The Partial Birth Abortion Act is a Fraud

by Polly Rothstein

Actually, there is no such thing as partial birth abortion. It’s a fraud.

Abortion foes, including the Catholic Church, the Christian Coalition, Right to Life, and the Republican and Conservative Party leadership, have created a false but potent issue: outlawing partial birth abortions. They claim to target one procedure, but that’s a smokescreen; they have invested vast resources in a disinformation campaign to criminalize a whole range of medically safe abortion procedures. Their most powerful weapon is the inflammatory name itself.

Even doctors don’t know what partial birth abortion is. The Partial Birth Abortion Act criminalizes any abortion procedure in which some part of a living fetus, comes through the cervix. But the intentionally vague language (the definition section is omitted) might apply to tissue that’s extracted in first and second trimesters, before viability, in abortions that are protected under Roe v. Wade.

The bill seems to point to the Intact D&E procedure, but it clearly doesn’t end there. This legislation would compel doctors to ensure that no living tissue is involved, therefore use a less desirable method. Some of the other procedures may impose unnecessary risks to the woman and jeopardize her future childbearing, but not violate the proposed law. One example of a less desirable procedure is hysterotomy (an incision into the uterine wall), which is major abdominal surgery and requires future deliveries to be Caesarean sections. (And remember, childbirth is riskier than abortion.)

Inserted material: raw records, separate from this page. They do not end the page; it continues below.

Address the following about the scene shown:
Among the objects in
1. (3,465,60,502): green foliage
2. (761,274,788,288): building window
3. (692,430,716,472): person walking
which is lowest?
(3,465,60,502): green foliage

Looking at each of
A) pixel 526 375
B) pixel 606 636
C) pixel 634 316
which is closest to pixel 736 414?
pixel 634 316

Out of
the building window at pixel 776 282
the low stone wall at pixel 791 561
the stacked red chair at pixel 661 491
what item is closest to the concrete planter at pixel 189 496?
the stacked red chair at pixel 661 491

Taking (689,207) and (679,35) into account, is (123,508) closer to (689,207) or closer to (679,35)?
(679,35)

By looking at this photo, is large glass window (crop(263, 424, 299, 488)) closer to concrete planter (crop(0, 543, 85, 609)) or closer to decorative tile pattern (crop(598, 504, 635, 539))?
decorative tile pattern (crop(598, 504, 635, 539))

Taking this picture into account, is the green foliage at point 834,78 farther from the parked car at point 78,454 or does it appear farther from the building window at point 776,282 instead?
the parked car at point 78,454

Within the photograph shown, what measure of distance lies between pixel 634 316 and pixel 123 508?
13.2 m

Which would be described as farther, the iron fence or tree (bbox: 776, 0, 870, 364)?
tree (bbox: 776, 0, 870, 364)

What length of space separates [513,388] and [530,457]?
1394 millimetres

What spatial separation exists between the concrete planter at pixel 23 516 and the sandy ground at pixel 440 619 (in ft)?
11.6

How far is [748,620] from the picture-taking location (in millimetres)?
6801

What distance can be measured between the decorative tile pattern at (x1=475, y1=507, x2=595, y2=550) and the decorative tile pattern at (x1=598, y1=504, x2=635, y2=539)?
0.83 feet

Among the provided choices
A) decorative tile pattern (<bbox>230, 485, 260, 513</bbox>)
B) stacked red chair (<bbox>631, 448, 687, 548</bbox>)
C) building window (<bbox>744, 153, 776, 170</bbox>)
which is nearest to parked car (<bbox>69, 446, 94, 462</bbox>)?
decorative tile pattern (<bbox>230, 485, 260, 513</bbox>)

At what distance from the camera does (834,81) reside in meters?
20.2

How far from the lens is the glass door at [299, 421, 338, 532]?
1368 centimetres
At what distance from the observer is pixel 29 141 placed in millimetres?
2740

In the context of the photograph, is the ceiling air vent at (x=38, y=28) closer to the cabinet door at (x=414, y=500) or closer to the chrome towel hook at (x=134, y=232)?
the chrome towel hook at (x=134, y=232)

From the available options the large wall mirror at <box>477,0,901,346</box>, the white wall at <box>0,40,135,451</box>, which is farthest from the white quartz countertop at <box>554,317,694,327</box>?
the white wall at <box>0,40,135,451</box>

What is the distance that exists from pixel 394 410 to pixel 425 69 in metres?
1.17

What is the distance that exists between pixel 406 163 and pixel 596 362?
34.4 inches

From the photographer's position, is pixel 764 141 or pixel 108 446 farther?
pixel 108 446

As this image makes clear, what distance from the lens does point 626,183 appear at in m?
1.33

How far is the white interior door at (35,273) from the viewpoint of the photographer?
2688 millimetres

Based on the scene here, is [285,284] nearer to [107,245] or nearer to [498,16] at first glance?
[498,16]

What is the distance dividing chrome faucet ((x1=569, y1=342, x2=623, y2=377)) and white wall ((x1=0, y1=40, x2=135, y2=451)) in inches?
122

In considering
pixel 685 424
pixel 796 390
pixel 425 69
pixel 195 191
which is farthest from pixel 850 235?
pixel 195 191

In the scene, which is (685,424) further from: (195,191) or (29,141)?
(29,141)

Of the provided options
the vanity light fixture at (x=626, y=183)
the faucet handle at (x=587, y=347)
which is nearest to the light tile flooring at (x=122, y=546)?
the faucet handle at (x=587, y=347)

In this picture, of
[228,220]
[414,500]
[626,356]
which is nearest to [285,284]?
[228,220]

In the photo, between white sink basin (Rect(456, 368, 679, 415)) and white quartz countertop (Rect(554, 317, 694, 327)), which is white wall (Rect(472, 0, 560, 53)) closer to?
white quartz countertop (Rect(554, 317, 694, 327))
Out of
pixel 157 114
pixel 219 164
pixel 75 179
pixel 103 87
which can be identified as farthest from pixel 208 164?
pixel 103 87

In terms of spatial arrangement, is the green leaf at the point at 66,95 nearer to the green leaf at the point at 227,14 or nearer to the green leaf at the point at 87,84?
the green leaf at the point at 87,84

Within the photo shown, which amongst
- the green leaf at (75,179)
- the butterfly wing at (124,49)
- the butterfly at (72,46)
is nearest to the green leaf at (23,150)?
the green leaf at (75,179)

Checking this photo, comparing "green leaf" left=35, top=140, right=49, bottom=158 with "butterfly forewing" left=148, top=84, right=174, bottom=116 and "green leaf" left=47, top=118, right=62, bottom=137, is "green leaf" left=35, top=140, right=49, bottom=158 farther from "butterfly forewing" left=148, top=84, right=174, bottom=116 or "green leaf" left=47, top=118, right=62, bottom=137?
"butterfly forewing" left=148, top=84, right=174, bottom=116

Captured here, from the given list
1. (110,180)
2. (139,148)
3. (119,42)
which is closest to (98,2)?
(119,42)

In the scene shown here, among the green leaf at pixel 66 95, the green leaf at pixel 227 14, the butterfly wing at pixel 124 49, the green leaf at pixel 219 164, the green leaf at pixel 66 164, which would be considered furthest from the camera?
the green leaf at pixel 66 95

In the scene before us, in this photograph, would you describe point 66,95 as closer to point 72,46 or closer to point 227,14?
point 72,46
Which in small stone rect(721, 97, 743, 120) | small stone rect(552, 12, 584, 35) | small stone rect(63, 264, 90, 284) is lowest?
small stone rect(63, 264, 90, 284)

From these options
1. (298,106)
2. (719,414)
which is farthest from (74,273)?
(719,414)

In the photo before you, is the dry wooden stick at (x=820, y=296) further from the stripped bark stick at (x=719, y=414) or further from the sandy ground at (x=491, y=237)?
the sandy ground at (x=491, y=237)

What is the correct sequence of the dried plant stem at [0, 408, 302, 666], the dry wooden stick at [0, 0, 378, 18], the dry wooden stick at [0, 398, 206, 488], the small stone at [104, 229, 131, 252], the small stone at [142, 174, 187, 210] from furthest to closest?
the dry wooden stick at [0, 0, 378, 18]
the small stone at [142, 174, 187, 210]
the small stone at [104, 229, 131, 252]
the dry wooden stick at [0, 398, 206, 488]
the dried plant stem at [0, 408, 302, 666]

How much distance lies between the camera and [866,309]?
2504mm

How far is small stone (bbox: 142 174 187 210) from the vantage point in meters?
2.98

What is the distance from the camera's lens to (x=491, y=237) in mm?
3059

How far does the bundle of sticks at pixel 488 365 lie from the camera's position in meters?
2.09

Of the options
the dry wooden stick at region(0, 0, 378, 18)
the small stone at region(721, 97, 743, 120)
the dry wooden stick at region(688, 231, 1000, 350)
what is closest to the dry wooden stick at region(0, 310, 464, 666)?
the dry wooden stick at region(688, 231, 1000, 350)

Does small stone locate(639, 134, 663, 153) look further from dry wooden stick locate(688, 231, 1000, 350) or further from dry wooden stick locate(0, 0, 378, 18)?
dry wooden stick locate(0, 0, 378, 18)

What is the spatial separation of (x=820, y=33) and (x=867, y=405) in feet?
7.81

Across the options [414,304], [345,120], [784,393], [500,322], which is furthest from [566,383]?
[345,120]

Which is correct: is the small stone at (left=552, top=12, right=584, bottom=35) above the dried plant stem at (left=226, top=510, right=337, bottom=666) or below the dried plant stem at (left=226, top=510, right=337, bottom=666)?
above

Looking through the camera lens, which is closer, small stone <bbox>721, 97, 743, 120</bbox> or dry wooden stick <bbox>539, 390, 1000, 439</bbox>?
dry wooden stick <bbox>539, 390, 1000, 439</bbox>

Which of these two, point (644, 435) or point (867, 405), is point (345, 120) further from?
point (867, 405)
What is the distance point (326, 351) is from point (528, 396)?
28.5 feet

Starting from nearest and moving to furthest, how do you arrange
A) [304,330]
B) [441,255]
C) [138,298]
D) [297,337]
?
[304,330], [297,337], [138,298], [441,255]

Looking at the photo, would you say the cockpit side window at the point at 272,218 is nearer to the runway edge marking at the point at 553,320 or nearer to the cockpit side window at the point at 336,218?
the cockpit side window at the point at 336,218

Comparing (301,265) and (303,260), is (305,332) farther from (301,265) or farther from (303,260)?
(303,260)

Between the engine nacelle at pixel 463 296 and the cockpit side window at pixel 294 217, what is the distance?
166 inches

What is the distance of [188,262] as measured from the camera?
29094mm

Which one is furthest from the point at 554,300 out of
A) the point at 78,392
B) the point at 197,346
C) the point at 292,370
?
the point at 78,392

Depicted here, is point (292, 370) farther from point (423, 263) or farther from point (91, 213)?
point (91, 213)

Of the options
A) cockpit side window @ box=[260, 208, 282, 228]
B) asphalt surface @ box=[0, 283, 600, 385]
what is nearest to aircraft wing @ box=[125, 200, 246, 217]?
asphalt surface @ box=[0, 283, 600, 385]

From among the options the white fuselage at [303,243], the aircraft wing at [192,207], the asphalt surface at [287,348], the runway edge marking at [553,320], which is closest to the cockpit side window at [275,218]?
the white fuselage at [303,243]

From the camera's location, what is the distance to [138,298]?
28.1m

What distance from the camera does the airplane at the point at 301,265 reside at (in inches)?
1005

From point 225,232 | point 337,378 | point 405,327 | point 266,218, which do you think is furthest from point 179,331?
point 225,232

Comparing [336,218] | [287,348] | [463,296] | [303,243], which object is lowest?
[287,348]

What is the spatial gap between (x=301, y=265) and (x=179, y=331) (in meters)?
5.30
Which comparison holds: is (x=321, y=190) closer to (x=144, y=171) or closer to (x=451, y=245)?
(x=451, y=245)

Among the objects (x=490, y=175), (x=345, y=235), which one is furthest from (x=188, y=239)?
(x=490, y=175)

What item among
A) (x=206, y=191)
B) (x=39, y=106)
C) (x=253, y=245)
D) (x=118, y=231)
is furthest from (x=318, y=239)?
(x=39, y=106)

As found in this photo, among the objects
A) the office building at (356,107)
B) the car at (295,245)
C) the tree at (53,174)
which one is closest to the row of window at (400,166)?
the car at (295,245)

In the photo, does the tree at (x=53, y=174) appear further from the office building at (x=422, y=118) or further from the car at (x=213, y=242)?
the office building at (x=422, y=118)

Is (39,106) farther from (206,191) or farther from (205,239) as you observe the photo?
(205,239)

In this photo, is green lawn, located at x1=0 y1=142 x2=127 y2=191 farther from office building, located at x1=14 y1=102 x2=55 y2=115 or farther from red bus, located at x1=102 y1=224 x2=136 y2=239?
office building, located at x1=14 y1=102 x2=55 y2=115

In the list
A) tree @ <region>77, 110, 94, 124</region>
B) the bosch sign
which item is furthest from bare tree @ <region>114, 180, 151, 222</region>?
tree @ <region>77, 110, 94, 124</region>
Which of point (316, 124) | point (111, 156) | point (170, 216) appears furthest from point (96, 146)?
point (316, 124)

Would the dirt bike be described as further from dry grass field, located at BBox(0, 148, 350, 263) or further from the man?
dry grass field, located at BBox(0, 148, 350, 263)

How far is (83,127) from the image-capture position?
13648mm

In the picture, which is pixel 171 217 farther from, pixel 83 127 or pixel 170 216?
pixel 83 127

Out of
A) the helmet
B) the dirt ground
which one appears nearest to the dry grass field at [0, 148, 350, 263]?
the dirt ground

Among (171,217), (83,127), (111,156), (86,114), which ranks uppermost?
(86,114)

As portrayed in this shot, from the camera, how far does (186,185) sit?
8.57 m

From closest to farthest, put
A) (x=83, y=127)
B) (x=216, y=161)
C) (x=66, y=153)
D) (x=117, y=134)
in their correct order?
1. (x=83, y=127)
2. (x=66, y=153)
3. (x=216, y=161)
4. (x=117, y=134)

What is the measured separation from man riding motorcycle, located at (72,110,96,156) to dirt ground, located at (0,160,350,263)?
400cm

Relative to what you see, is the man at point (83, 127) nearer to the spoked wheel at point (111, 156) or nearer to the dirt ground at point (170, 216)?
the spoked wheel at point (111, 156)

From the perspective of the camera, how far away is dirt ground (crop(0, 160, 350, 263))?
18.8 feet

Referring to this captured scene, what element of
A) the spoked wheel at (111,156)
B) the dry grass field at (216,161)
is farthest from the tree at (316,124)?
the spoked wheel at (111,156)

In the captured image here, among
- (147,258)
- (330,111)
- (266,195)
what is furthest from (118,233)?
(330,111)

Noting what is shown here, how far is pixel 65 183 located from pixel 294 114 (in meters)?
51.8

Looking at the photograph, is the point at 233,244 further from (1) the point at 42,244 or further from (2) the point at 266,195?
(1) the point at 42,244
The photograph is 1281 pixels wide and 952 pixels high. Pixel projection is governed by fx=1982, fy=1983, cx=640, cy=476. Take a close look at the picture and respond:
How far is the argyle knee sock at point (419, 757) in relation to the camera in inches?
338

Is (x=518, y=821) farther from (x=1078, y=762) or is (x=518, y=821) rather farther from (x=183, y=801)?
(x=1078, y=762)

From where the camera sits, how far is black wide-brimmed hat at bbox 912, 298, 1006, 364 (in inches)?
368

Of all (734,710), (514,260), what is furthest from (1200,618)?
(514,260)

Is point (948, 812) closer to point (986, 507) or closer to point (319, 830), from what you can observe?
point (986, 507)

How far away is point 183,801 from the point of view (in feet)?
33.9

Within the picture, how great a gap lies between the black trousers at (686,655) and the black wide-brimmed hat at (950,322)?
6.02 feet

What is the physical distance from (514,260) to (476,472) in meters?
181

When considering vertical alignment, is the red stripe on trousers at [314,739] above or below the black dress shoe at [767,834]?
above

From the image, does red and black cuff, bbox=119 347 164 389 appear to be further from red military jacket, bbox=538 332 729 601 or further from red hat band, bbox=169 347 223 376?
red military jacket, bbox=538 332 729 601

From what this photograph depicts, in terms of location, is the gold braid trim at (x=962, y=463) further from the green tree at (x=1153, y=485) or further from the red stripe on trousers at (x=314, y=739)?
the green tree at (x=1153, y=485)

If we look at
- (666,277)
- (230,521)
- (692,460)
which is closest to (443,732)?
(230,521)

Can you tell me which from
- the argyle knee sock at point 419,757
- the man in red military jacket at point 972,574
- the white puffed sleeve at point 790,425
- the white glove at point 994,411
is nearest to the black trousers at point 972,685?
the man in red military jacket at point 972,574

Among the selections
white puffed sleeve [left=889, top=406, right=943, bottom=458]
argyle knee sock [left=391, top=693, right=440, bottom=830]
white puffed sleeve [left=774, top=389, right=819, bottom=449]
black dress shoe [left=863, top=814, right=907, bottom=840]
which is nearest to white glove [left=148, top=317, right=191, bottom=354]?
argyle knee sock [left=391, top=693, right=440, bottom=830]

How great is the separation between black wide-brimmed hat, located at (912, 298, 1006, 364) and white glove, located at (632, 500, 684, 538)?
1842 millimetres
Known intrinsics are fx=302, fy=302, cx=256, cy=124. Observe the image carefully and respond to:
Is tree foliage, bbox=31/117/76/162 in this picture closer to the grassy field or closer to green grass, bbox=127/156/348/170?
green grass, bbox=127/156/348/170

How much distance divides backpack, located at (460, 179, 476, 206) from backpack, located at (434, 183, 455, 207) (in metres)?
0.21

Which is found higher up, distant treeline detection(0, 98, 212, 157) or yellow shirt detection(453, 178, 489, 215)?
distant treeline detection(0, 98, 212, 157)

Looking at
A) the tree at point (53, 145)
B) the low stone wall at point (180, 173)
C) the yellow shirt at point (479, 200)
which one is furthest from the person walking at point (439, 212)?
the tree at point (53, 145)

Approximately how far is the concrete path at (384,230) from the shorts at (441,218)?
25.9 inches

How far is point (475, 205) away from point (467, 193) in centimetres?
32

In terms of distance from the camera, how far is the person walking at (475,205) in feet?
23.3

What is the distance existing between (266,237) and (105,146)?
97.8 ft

In seeking to criminalize all abortions, the groups who promote this bill both federal and state versions are moving toward that goal. They use gruesome descriptions and shocking cartoons to imply that abortions are done for minor reasons, just moments from birth, when the fully developed healthy fetus is in the birth canal. This is a blatant deception. Right to Life pamphlets and statements by church spokespersons have led the public to believe that partial birth abortion is commonly done. They have legitimized the fraud by legislating against it: There is a bill to ban it, therefore it must exist.

Despite the publicity, this bill is not about third trimester abortions, which are already illegal in every state except to save the woman’s life or health, and are virtually never done. They occur only when abnormalities are so grave that the fetus could not survive and maintaining the pregnancy would be harmful. When a life-threatening condition, such as eclampsia or toxemia, threatens a woman’s life, her doctor may interrupt the pregnancy but make every effort to deliver a healthy baby. Such cases are always reviewed by hospital medical committees. Both mother and baby may end up in intensive-care units.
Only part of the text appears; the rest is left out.